By Chris Davies, Executive Director & Co-Lead of IFA Business Unit at Howden
The way many of us work has seen a fundamental shift since the onset of the pandemic. As we transition to the ‘new normal’, hybrid working is being hailed as the future of the workplace. For example, more than 80% of UK financial services firms expect to take a hybrid approach to work going forward. Many workers are reaping the benefits of reduced commutes, greater work-life flexibility and office spaces focused on collaboration, socialising and training.
However, with hybrid working also comes new cyber security threats. Working across a mix of private and public servers, accessing company facilities remotely, and the greater onus on employees to adhere to cyber policies all leave firms open to cyber-attacks. In addition to this, the general development of technology and the world’s reliance on data has led to an expanding scope of cyber exposures. The number of ransomware attacks worldwide spiked by 170% between Q1 of 2019 and Q4 of 2020, and the severity of incidents has been increasing as well. While all industries are exposed to cyber threats, the volume of sensitive material handled by financial advisers means that cyber security is paramount.
Now add to the pot ‘silent cyber’. Silent cyber is the potential cyber exposures within traditional property or liability insurance policies, where cyber coverage is neither explicitly excluded nor clearly included. As one would expect, this can result in coverage which may be ambiguous, increasing the risk of disputes between policyholders and insurers or cover not matching policyholder expectations when cyber-attacks arise.
Recently, Lloyd’s of London raised concerns that silent cyber causes unexpected risk to insurers’ portfolios. To rectify this, regulators now require insurers to put action plans into place to reduce ambiguous exposure, clearly excluding or affirming coverage within their policies. Changes are being introduced in a number of phases, including PI and other liability policies having commenced on 1 January 2021.
How has this impacted the IFA and mortgage broker markets?

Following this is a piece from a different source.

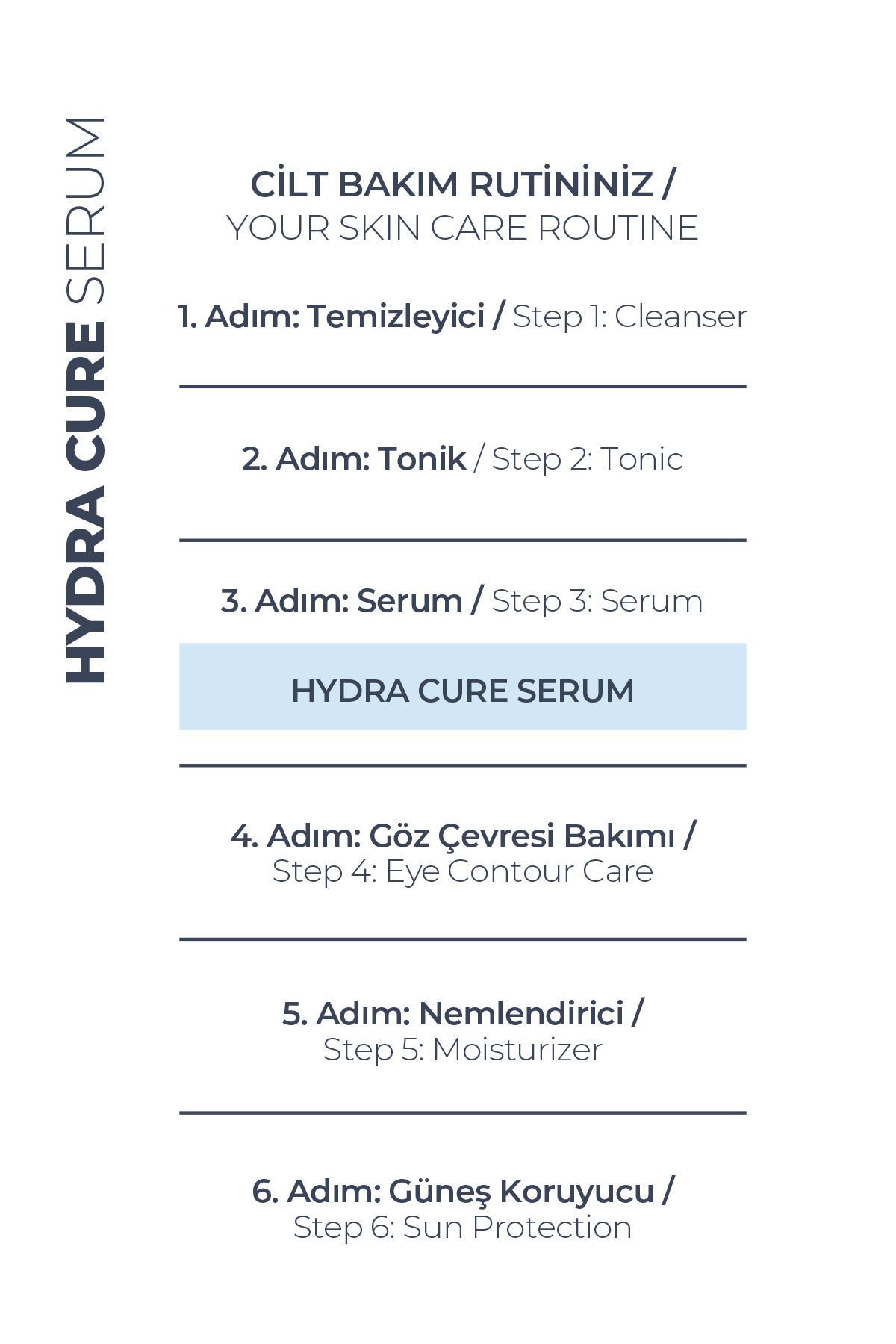 Hydra Cure Serum | Hyaluronik Asit Yoğun Nem Serumu - 30 ml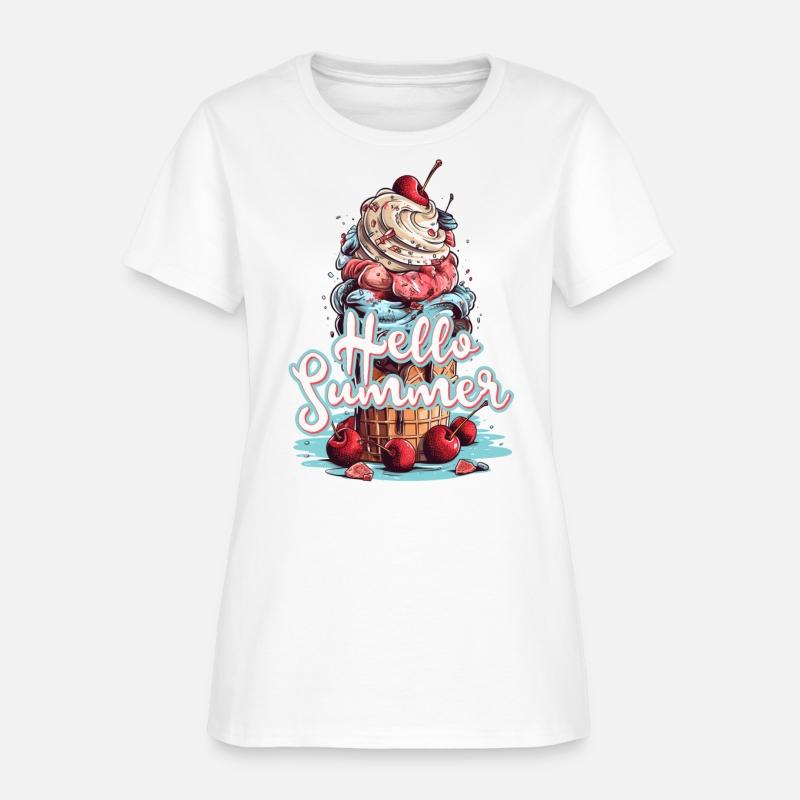 Hello Summer Ice Cream Ice Cream Parlor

Excluding or affirming cyber cover sounds simple in theory. However, in practice, it has been far from plain sailing. Given the mandate and the short timeline provided by Lloyd’s, insurers’ response has generally been to exclude rather than confirm cover. As such, advice firms risk being unprotected from cyber breaches unless they now have separate cover in addition to their Professional Indemnity (PI) policy.
Policyholders are now likely to find silent cyber exclusions applying to renewals of their PI policies. Precise changes will vary, but in a very general sense, there are areas you can expect cover to be excluded for. Third party claims and any costs in reconstituting or recovering lost or damaged documents and data are likely not to be covered. This includes loss directly arising from a Cyber Act, the insured’s computer system failure or the receipt or transmission of a computer virus. Loss arising from failure or interruption provided by an external provider or loss for an actual or alleged breach of data protection laws are also unlikely to be included.
What should you do?
Data has now replaced oil as the world’s most valuable resource. Individuals and companies of all sizes, in every industry, are increasingly relying on technology and data in some way or another. A cyber breach can affect the ability to operate, cost millions, and damage long-term reputation. Financial advisers, in particular, sit on a considerable amount of personal data relating to individual’s wealth and financial situations that can make them a target. The Pandora Papers has been a high-profile example of this. Client led businesses are increasingly earmarked by criminals due to the amount of personal data which can be harvested from them.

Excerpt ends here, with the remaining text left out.